Actually, internal energy is the sum of various forms of energy such as; electronic energy E_e, nuclear energy E_n, chemical bond energy E_c, potential energy E_p and kinetic energy E_k . Kinetic energy is the sum of translational energy (E_t), vibrational energy (E_v) and rotational energy (E_r).
It is represented by the symbol ‘U’,
U = E_e + E_n + E_c + E_p + E_k
It may be noted that, absolute value of internal energy cannot be determined, because it is not possible to determine the exact values for the constituent energies, such as: translational, vibrational, rotational energies etc.

Question 11.
Expansion of any gas in vacuum is called free expansion. 1 L of an ideal gas expands isothermally upto 5 L, then determine the change in internal energy and work done?
Solution:
Work done, W = – P_(external) (V₂ – V₁)
When P_(external) = 0,
So, W = – 0 (5 – 1) = 0
For isothermal expansion,
∆U = 0
So, ∆T = 0.

Question 12.
An ideal gas filled in a cylinder (according to figure.) is compressed in a single step with external pressure P_(external) Then what will be the work done on the gas?

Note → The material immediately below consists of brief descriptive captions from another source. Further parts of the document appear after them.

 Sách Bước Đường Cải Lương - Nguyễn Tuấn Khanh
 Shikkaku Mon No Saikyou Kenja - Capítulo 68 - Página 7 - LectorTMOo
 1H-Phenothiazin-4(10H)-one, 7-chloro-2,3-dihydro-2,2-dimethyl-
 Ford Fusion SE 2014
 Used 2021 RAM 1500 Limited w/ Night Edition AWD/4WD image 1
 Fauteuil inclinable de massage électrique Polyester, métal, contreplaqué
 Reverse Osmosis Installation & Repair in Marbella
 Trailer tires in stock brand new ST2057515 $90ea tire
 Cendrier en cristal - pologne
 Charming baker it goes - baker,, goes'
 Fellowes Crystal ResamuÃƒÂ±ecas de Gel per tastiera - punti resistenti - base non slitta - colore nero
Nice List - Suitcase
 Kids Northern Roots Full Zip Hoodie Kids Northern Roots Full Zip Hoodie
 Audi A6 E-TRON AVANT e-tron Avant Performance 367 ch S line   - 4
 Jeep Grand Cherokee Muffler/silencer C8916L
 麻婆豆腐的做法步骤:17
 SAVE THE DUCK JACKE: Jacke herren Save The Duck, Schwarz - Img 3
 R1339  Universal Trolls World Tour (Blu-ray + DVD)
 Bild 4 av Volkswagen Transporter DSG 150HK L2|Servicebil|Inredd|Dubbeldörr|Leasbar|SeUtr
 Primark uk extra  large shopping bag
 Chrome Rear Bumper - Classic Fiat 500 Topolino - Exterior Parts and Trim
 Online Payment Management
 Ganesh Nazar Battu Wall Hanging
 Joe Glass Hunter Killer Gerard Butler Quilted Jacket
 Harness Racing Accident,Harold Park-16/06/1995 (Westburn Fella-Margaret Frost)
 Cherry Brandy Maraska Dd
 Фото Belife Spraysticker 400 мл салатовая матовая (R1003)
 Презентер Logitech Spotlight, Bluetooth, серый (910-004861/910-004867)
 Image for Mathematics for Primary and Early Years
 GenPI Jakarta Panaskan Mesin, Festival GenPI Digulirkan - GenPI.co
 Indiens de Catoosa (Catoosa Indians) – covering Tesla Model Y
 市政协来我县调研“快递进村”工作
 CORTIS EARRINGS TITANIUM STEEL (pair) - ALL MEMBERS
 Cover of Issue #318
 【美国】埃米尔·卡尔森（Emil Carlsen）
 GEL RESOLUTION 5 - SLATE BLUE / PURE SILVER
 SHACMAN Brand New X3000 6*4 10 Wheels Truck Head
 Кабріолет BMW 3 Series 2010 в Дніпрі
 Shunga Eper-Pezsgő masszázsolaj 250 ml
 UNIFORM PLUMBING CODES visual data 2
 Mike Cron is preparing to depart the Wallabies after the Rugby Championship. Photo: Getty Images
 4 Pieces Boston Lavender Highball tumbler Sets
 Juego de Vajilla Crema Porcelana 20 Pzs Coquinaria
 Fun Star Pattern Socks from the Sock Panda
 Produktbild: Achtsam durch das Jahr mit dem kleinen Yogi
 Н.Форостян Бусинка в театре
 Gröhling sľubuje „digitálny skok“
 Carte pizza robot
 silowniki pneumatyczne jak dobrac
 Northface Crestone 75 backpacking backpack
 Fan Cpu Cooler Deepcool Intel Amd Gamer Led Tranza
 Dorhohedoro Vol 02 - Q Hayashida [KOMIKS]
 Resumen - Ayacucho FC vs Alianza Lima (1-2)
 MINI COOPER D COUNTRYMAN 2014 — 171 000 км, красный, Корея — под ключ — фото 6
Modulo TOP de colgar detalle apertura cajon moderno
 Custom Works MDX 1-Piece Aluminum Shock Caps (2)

Explain with graph?
Solution:
Let the initial volume of the gas is V_i and pressure of cylinder is P. On compressing the gas by pressure P the final volume of gas is V_f.
So, change in volume ∆V = (V_f – V_i)
If W is the work done by the piston on the system
W = P_(external) (- ∆V)
W = P_(external) (V_f – V_i)
This can be shown in the figure by (P – V) graph, The work done is equal to ABV_fV_i. The positive sign shows that the work is done on the system.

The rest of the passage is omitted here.